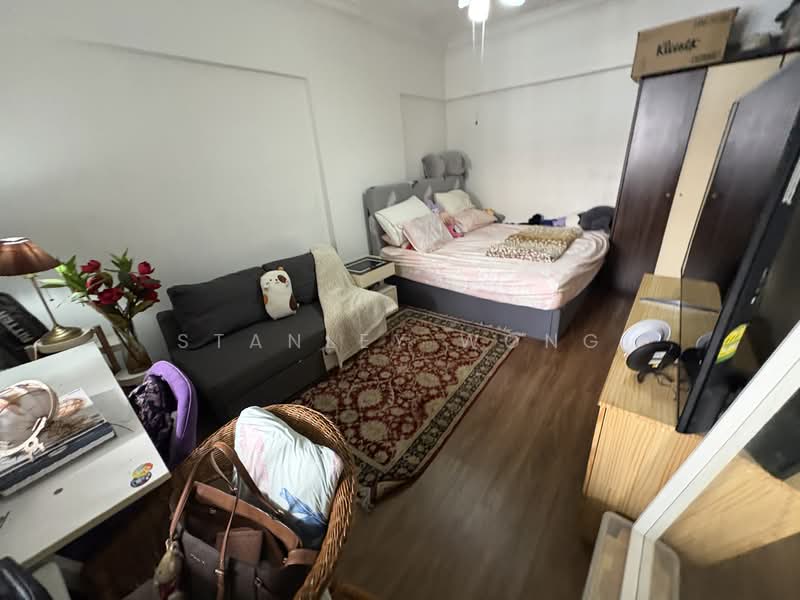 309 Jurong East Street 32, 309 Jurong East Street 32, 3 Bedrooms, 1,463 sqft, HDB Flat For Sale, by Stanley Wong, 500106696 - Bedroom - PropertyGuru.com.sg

---

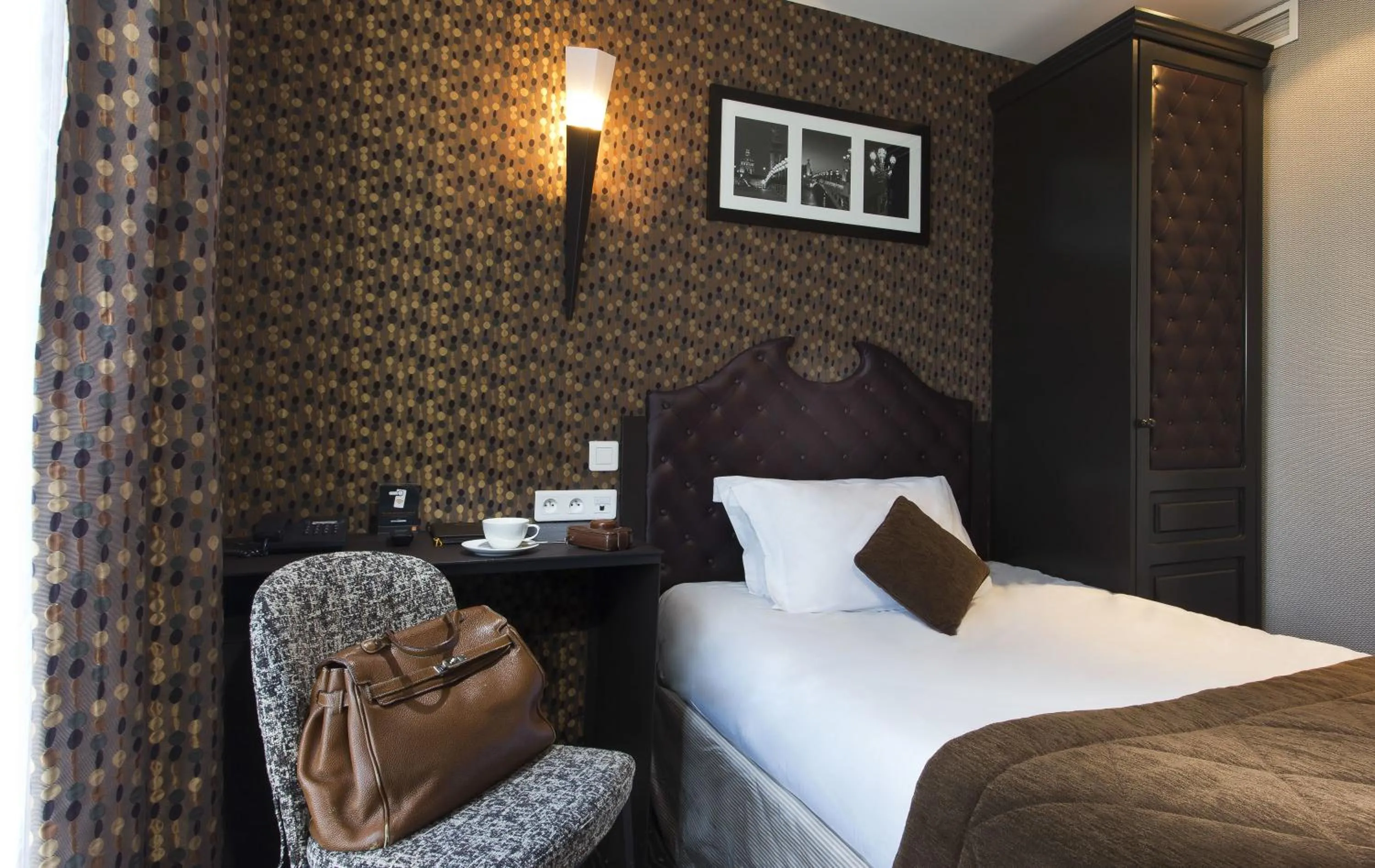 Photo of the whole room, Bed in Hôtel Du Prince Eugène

* * *

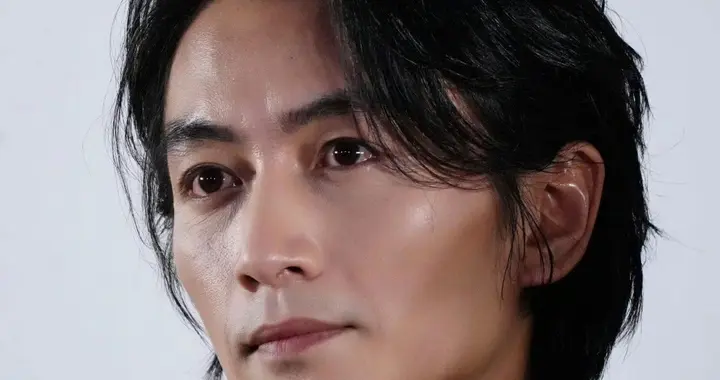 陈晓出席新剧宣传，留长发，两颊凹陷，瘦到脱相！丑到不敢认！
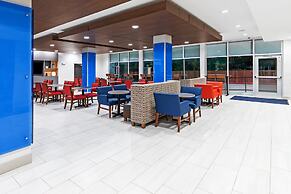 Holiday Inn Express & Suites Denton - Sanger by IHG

Work required:
Repeat exactly the lines above, from the line that contains "陈晓出席新剧宣传，留长发，两颊凹陷，瘦到脱相！丑到不敢认！" down through the line that contains "Holiday Inn Express". Include both of those lines and none of the pictures.

Task output:
 陈晓出席新剧宣传，留长发，两颊凹陷，瘦到脱相！丑到不敢认！
 Holiday Inn Express & Suites Denton - Sanger by IHG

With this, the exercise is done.